Data for analysis =
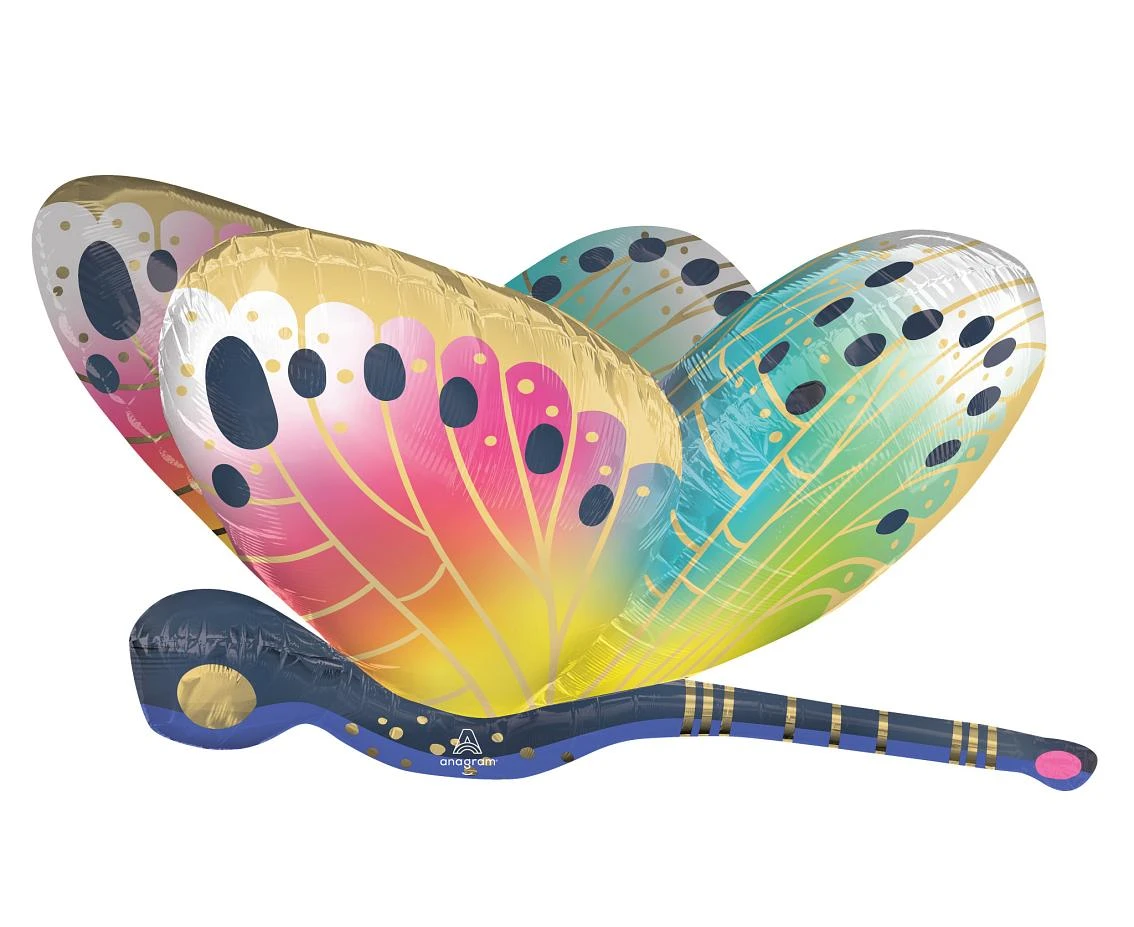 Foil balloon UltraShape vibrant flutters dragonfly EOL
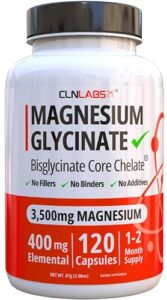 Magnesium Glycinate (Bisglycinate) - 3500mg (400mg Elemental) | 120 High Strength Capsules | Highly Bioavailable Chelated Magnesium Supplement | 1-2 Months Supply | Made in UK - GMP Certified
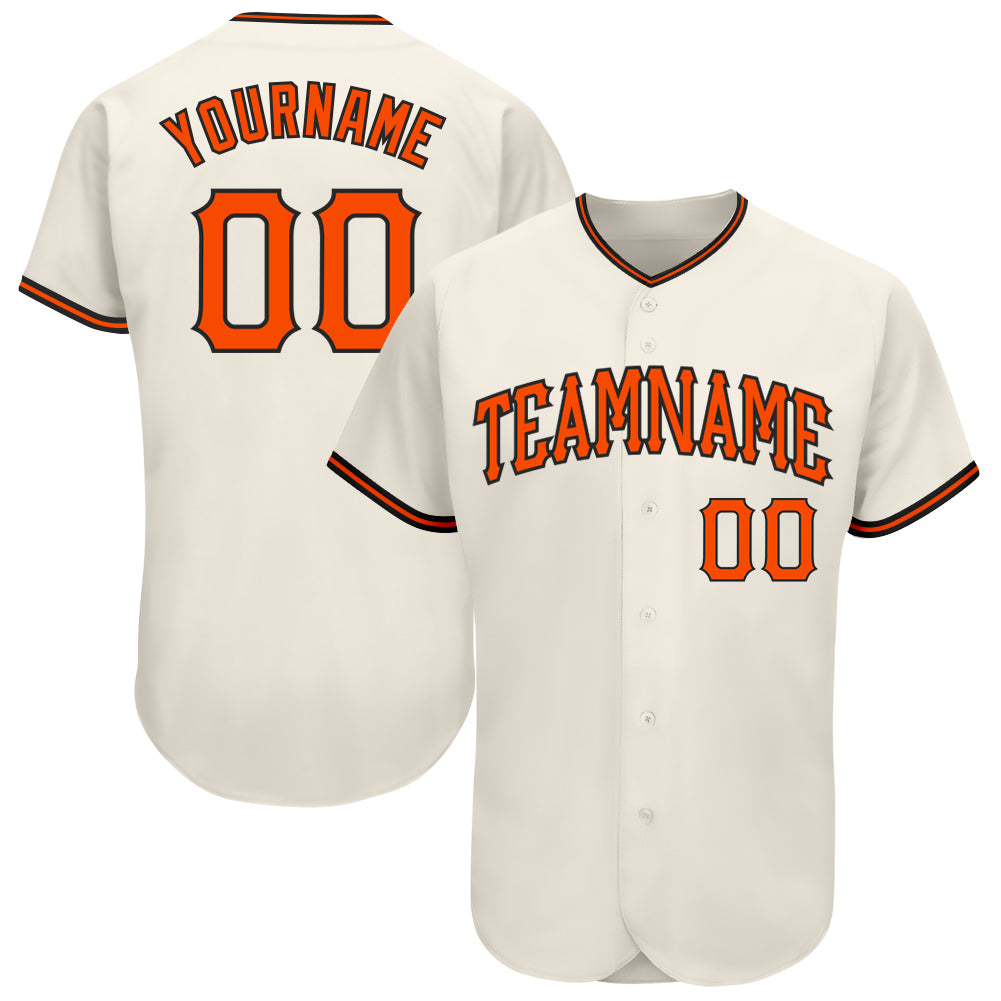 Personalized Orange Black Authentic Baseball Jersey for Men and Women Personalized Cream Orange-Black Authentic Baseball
--
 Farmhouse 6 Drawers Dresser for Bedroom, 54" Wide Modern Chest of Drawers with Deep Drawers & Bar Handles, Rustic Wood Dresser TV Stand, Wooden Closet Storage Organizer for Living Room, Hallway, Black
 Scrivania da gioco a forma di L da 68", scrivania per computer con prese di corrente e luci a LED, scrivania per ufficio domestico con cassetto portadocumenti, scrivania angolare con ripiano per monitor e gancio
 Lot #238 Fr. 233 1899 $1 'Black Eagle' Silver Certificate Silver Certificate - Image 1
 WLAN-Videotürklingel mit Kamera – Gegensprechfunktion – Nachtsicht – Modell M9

Problem = Each line from the one that contains "Magnesium Glycinate (Bisglycinate)" down to the one that contains "Personalized Orange Black" is to be returned exactly as it stands above, both ends included, with pictures removed.

The completed task =
 Magnesium Glycinate (Bisglycinate) - 3500mg (400mg Elemental) | 120 High Strength Capsules | Highly Bioavailable Chelated Magnesium Supplement | 1-2 Months Supply | Made in UK - GMP Certified
 Personalized Orange Black Authentic Baseball Jersey for Men and Women Personalized Cream Orange-Black Authentic Baseball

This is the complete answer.